L’Asie du sud, nouveau terrain de prolifération du Covid-19


Alors que de nombreuses zones, dont l’Europe et une partie des Etats-Unis assouplissent les restrictions mises en place, dans le reste du monde, « la situation s’aggrave », a déclaré lundi le patron de l’Organisation mondiale de la santé, Tedros Adhanom Ghebreyesus . Le nombre de cas confirmés dans le monde, désormais supérieur à sept millions, a augmenté de plus de 100.000 sur neuf des dix derniers jours, et même de 136.000 dimanche – « le bilan le plus élevé jusqu’ici », a indiqué le directeur général, alors que le seuil des 400.000 morts était franchi.

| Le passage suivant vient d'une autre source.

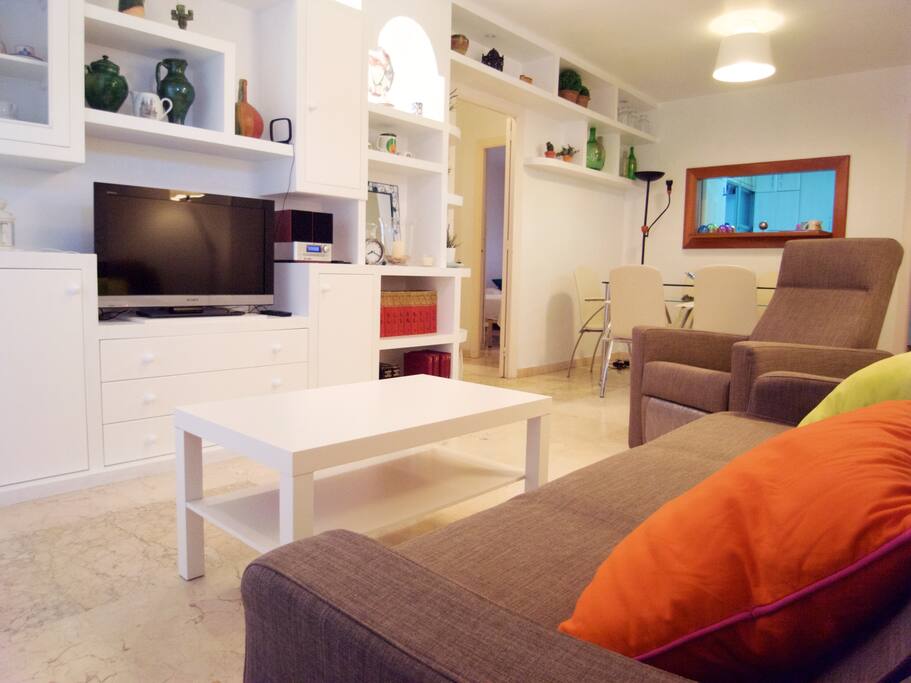 Salón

Le Pakistan opposé au confinement des villes

Certains pays, notamment en Asie du sud, restent aux prises avec l’épidémie. C’est le cas du Pakistan qui vient, officiellement, de passer le double cap des 100.000 malades et des 2.000 décès. Le nombre de personnes infectées est toutefois largement sous-estimé, faute d’un dépistage suffisant. Début juin, un rapport des autorités du Pendjab (Est) estimait que plus de 670.000 malades vivaient à Lahore, une ville qui compte plus de 11 millions d’habitants. Officiellement, le nombre de cas positifs n’était alors que de 72.000 personnes pour tout le Pakistan, qui compte plus de 200 millions d’habitants ! Depuis le début de l’épidémie, les autorités ont adopté une stratégie minimaliste : l e Premier ministre Imran Khan s’est ainsi opposé à un confinement des villes qui, selon lui, permet de « sauver les gens du coronavirus, mais les fait mourir de faim ». Début juin, il a annoncé la levée complète du confinement entamé fin mars.

Catastrophe afghane

La situation en Afghanistan n’est guère différente. Le pays commence à manquer de lits d’hôpital, alors que l’épidémie progresse rapidement, ont confirmé les autorités. Officiellement, quelque 761 nouveaux cas de Covid-19 ont été enregistrés au cours des dernières vingt-quatre heures, portant le total à 19.551. Comme au Pakistan, le nombre de cas est certainement supérieur à celui attendu, y compris à Kaboul, l’épicentre de l’épidémie à laquelle le pays ravagé par quatre décennies de guerre risque de ne plus pouvoir faire face. « On s’attend à une catastrophe », a indiqué Mohammad Yakub Haidary, le gouverneur de Kaboul, lors d’une conférence de presse.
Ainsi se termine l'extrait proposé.